In der Tat habe auch ich diese grundsätzlich andere Ausrichtung der alten Liturgie früher oft als große Entlastung erlebt, besonders ab dem Zeitpunkt, an dem ich begann, als Lehrer zu arbeiten, und ein Großteil meiner Arbeit in einem kommunikativen Prozess bestand. Der Besuch der traditionellen Liturgie kann ein echter Ausflug vom Alltag sein. Hier muss man sich nicht auf das Gesagte konzentrieren, da in den »stillen Messen« ohnehin nur unhörbar gemurmelt wird. In feierlichen Hochämtern singt eine Schola, und man kann einfach das Geschehen beobachten.
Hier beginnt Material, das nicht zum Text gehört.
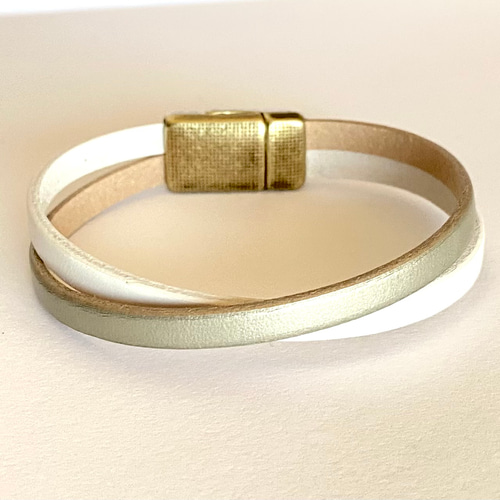 ヨーロッパ製 本革 シャンパンゴールド・白 5㎜ 二重 ブレスレット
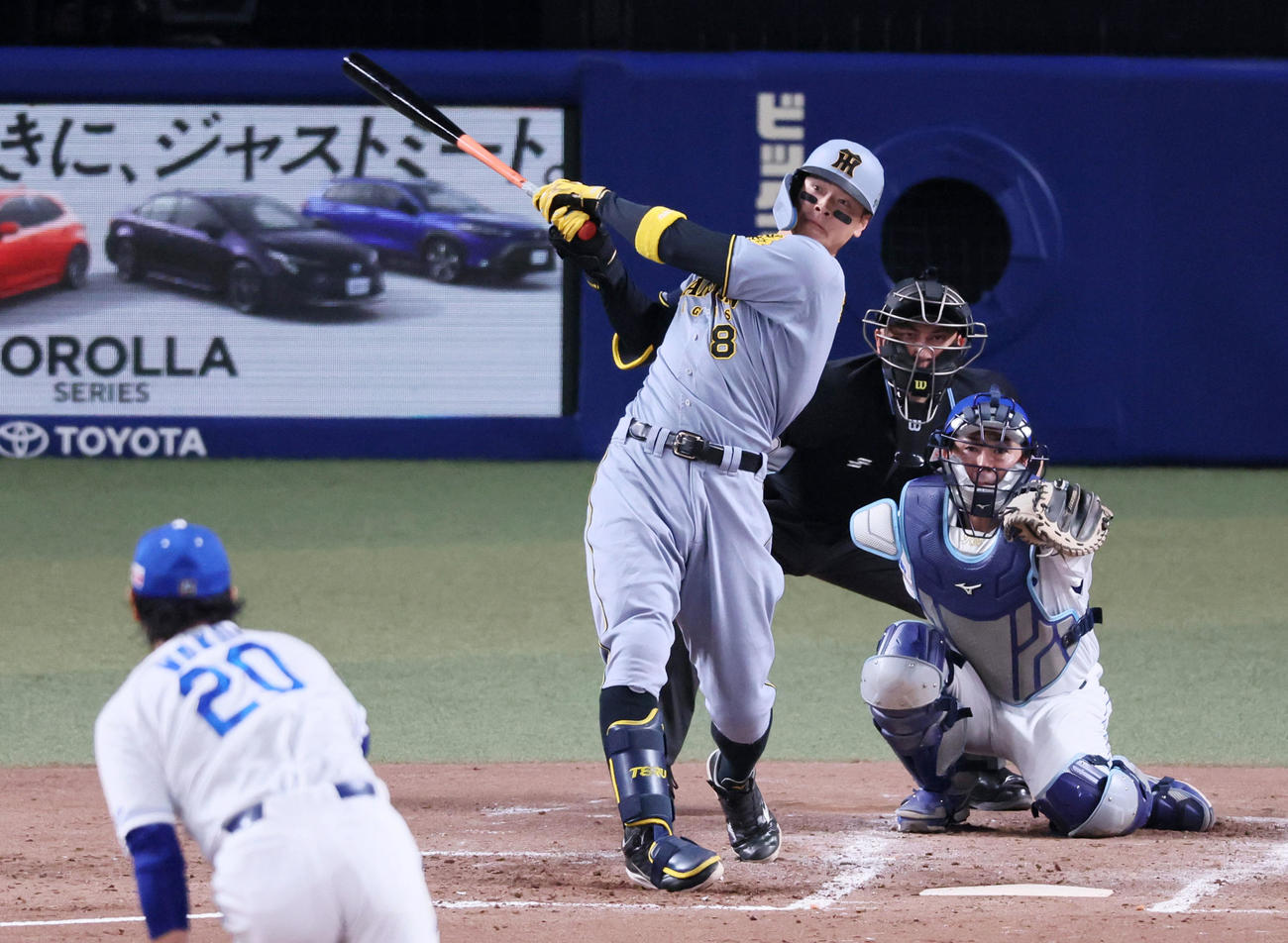 中日対阪神　4回表阪神1死、佐藤輝は右越えソロ本塁打を放つ。投手涌井（撮影・加藤哉）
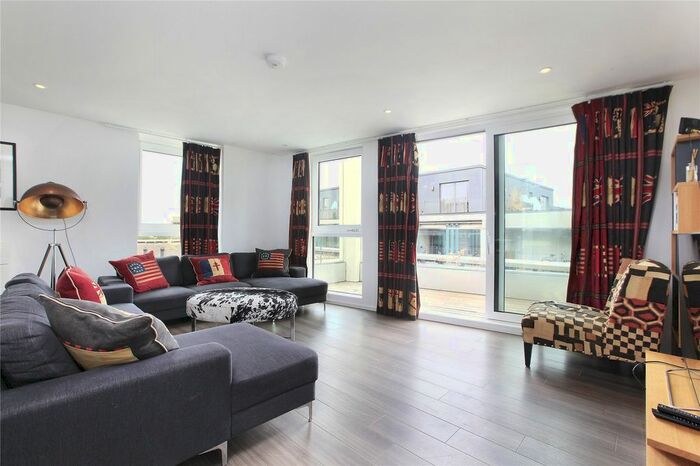 4 Bedroom Flat To Rent In Aurora Apartments, Buckold Road, Wandsworth, London, SW18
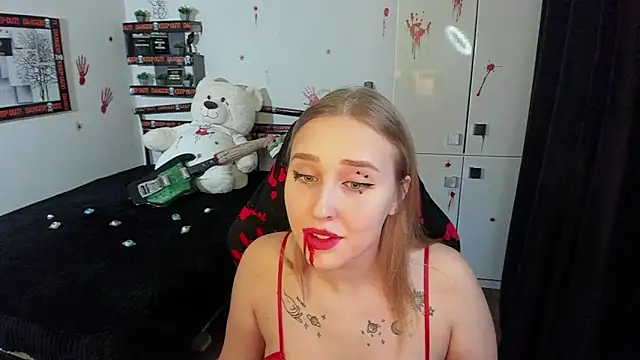 LinaTruly online show from October 23, 2025, 9:35 pm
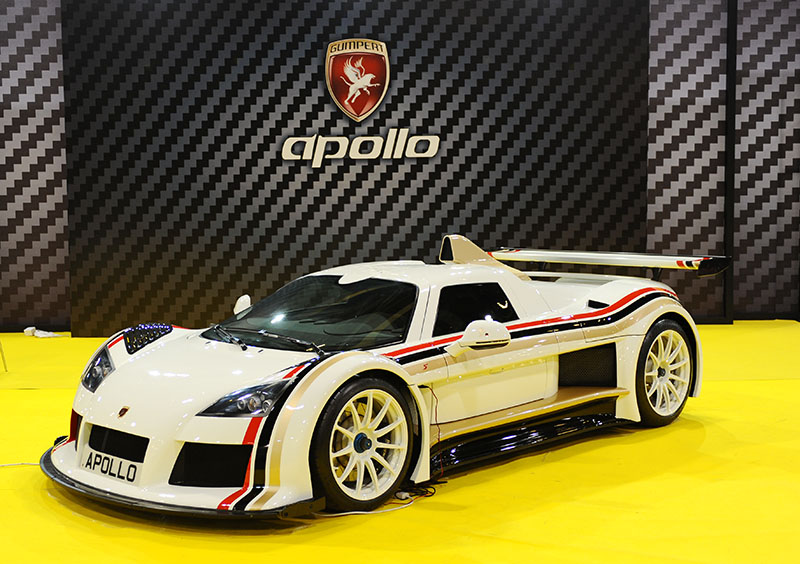 　晚上得閑試查幾架“無名之輩”。<br /><br />　Gumpert Apollo，好似是奧迪旗下的一個品牌，據說這輛跑車，當時並不是太多跑車能戰勝它。<br /><br />　西方一些大車廠都熱衷於賽車，我想除了做廣告外，相信對他們公司的技術積累一定有不少的幫助。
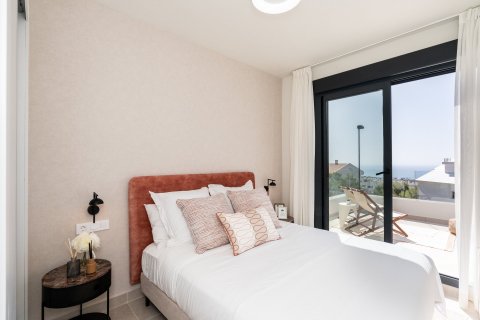Exclusive apartments with sea views, close to golf, Benalmádena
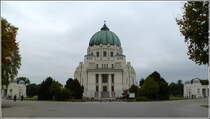 Die Karl-Borromus-Kirche, auch Dr.-Karl-Lueger-Gedchtniskirche genannt, auf dem Zentralfriedhof Wien (11. Bezirk). 03.10.2010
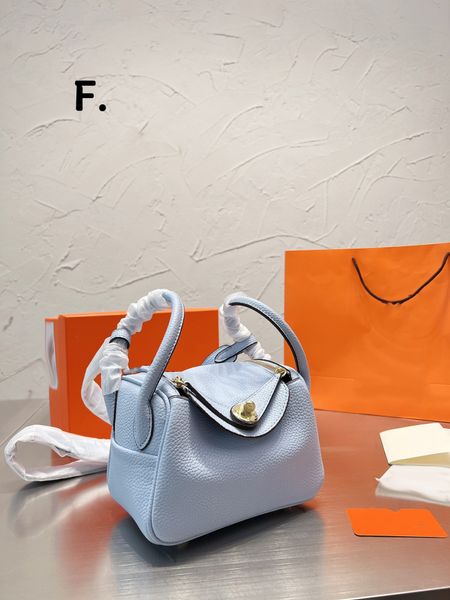 

designers shoulder bag luxurious tote purse handbag message bags cluth brand classic genuine leather crossbody lady original box mini 19cm b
In einem größeren Zusammenhang gedacht, scheint es mir kein Zufall zu sein, dass das Prinzip der Kunst um der Kunst willen von den französischen Dichtern Flaubert und Baudelaire entworfen und vor allem von Oscar Wilde und Stefan George in England und Deutschland propagiert wurde. Standen doch alle vier Künstler der gleichgeschlechtlichen Liebe - vorsichtig ausgedrückt - positiv gegenüber.
Bei dem Prinzip, das Mosebach und andere in der Liturgie verwirklicht sehen wollen, handelt es sich um genau jenes Grundprinzip, das nach Ansicht der katholischen Moraltheologie die Homosexualität prägt und so verdammenswert macht. In dieser Hinsicht war selbst der Protestant Thomas Mann gut katholisch, als er in den 20er Jahren des vorigen Jahrhunderts, seine eigenen Obsessionen kritisch betrachtend, über den »erotischen Ästhetizismus« der gleichgeschlechtlichen Liebe in seinem Essay Über die Ehe schrieb: »Es entsteht nichts aus ihr, sie legt den Grund zu nichts, ist Part pour l’art, was ästhetisch recht stolz und frei sein mag ...«
Für die katholische Kirche erhält die »normale« Sexualität Wesen und Wert erst durch ihre Zielgerichtetheit, d. h. sie ist ausgerichtet auf das unverzichtbare Ziel der »Vermehrung des Menschengeschlechts«. Jede Sexualität, die dieses Ziel nicht im Auge hat, die wie die traditionelle Liturgie Part pour l’art sein will, ist grundsätzlich als sündig zu betrachten - daher das immer wieder in Erinnerung gerufene absolute Verbot künstlicher Verhütungsmittel und der Homosexualität.